**What the task asks:** Set down, character for character, everything in the records below from the line holding "Гранитный плитняк галтованный" down to the line holding "Apartment Sleek Premium With Parking *", and no other line.

**Exercise data:**
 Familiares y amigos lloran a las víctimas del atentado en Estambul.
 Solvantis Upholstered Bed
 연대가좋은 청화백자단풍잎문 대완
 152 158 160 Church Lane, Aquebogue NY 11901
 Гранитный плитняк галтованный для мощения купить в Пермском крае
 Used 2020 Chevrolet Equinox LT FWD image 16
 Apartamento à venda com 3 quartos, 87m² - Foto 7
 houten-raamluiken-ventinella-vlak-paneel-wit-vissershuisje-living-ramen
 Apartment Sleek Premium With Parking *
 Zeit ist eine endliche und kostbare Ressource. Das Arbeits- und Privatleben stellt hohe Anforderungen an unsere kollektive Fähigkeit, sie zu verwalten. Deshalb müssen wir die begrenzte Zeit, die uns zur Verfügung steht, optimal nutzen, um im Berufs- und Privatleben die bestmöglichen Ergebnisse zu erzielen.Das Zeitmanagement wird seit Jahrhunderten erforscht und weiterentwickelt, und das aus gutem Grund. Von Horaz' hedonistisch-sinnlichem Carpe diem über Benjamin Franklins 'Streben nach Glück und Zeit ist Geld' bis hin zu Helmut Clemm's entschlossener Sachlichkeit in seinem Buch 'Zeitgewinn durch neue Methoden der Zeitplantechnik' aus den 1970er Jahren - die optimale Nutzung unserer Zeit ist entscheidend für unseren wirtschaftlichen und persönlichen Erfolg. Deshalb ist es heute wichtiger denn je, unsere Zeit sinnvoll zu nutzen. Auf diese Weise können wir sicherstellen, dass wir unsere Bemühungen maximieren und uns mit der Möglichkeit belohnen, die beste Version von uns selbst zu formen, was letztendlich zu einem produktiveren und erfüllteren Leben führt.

**Solution for this exercise:**
 Гранитный плитняк галтованный для мощения купить в Пермском крае
 Used 2020 Chevrolet Equinox LT FWD image 16
 Apartamento à venda com 3 quartos, 87m² - Foto 7
 houten-raamluiken-ventinella-vlak-paneel-wit-vissershuisje-living-ramen
 Apartment Sleek Premium With Parking *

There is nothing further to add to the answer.